‘Seeking to be here, doing this’: Po-Essaying into Agro-ecological Thinking

By and | 31 October 2021



‘This is the important work of the poem: to unify otherwise
fragmented experience.’
(Parini 15)

My shoes are inadequate for farm terrain in Winter – for tramping across mud, negotiating puddles or whistling through wet grass. I have been meaning to buy a pair of gumboots for some years, but always leave it too late in the season, when stores have packed away their remaining supplies for the next year. I wear these blue shoes – leather boots with laces and a zip on the side – to Jonai Farms and leave with brown streaks across the toes, dirt crusting in the tread.

‘In its connection of vision and thought we find the first secret
of poetry’s ability to quarry knowledge by mining the outer for
inner ore.’
(Hirshfield 128)

I’m still processing all this information – Tammi’s words as we tour the farm (garlic patch, greenhouse, Belvedere with shelves of ripening cheese and preserves at the back of the scullery, the milking shed, and, of course, the many litters of piglets), the story of this place, the plans for the future, the sensory data: feet crunching on muddy gravel, feet tramping through grass, a sow rooting through dirt. Moving through this space, like a poem.

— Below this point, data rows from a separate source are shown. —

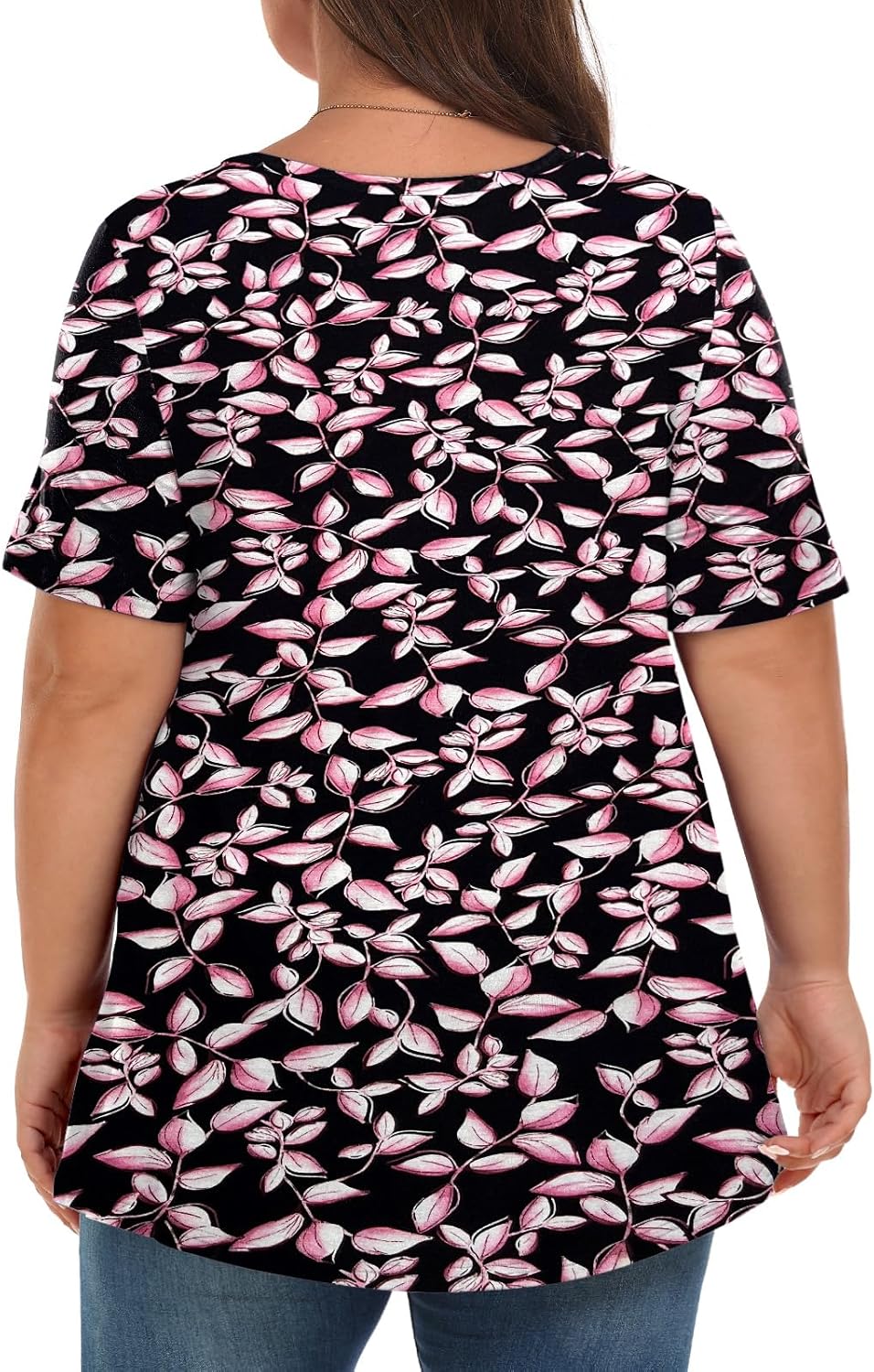 Tencede Womens Plus Size Tops Short Sleeve Tunic Shirts V Neck Summer Floral Loose Fit Blouse XL-5X - Image 4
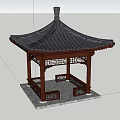 Traditional Chinese Pavilion With Tiled Roof Wooden Structure And Bench Seats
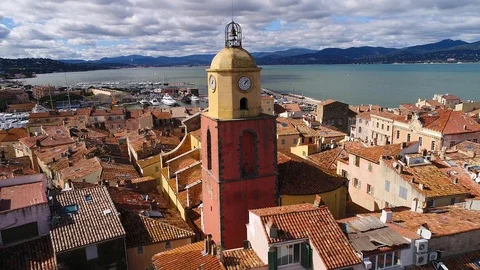 Aerial view of St Tropez Stock Footage 88095386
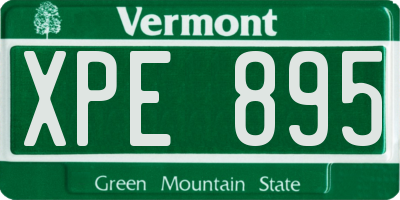 VT license plate XPE895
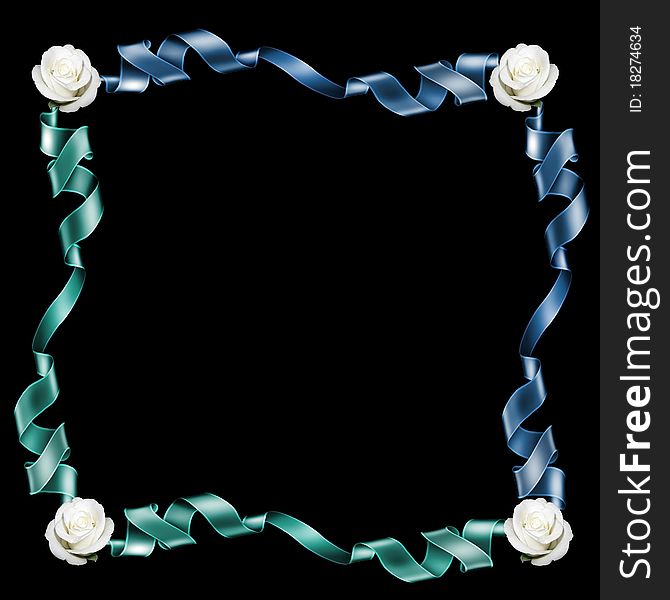 a black background with a frame of green , blue ribbons and white roses flowers in each corner. a black background with a frame of green , blue ribbons and white roses flowers in each corner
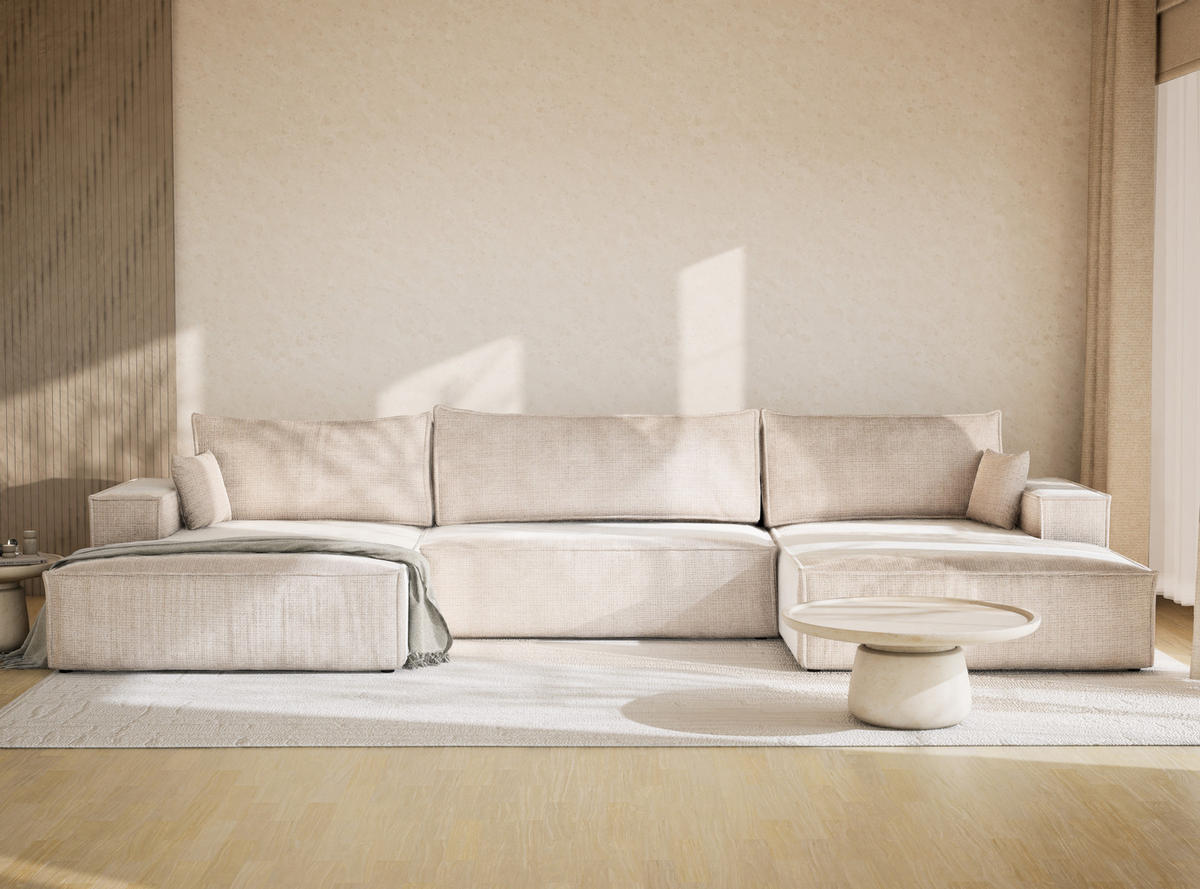 WOHNLANDSCHAFT Kyoto Creme Chenille-Stoff - Creme/Schwarz, Holz/Holzwerkstoff (398/70/148cm) - Maison de Reve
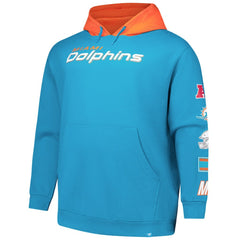 Miami Dolphins Big & Tall Patched Out Pullover Hoodie - Aqua sale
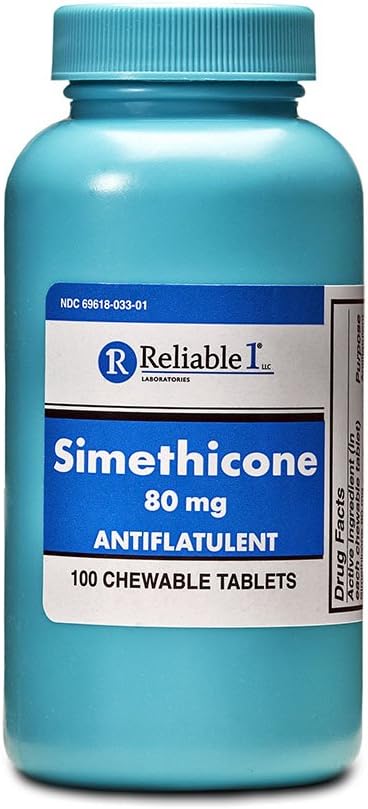 Reliable 1 Simethicone 80mg Anti-Gas 100 Peppermint Tablets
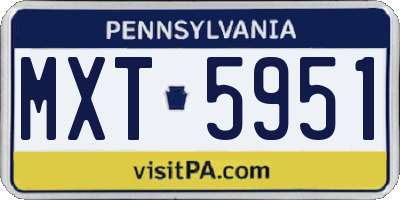 PA license plate MXT5951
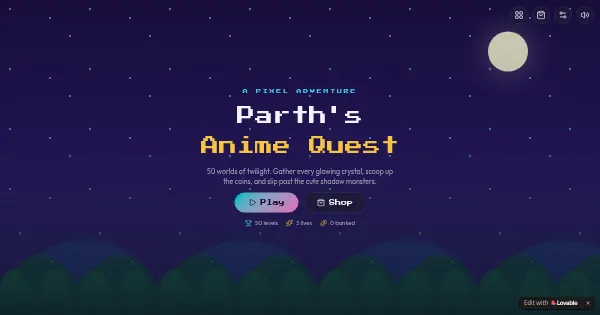 Screenshot of parth s pixel quest
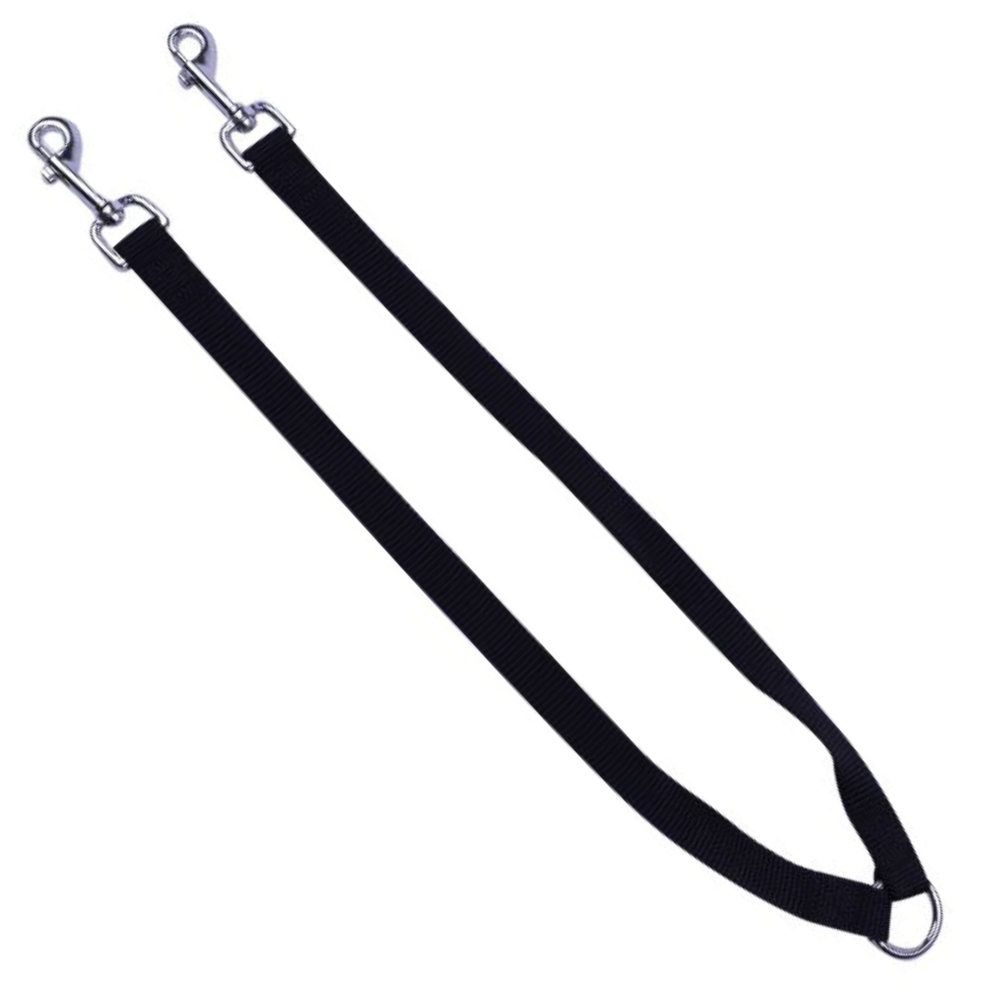 Topmast Koppellijn - Zwart - Duurzaam Nylon - Voor 2 Honden - Diverse Maten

‘A poem, literally, makes a space to move through.’
(Zapruder 57)

Invited to a writing task, my poet’s mind attempts to forge friendships. Mud to blue; garlic to litter; whistle to pen. Wrong turns, little pigs.

‘Connections between unconnected things are the unreal
reality of Poetry.’
(Howe 97)

The fallout of our failing sense of direction, feeling our way through commodities – like stubbing a toe repeatedly in a dark room full of heavy objects. This is what it feels like when an experience sparks not only reflection but forward-thinking. As in: ‘I should be doing more things in this other way.’

‘The [ordinary man] falls in love, or reads Spinoza, and these two
experiences have nothing to do with each other, or with the noise of
the typewriter or the smell of cooking; in the mind of the poet these
experiences are always forming new wholes.’
(T S Eliot qtd. Parini 18)

A poem, alone, cannot solve a problem.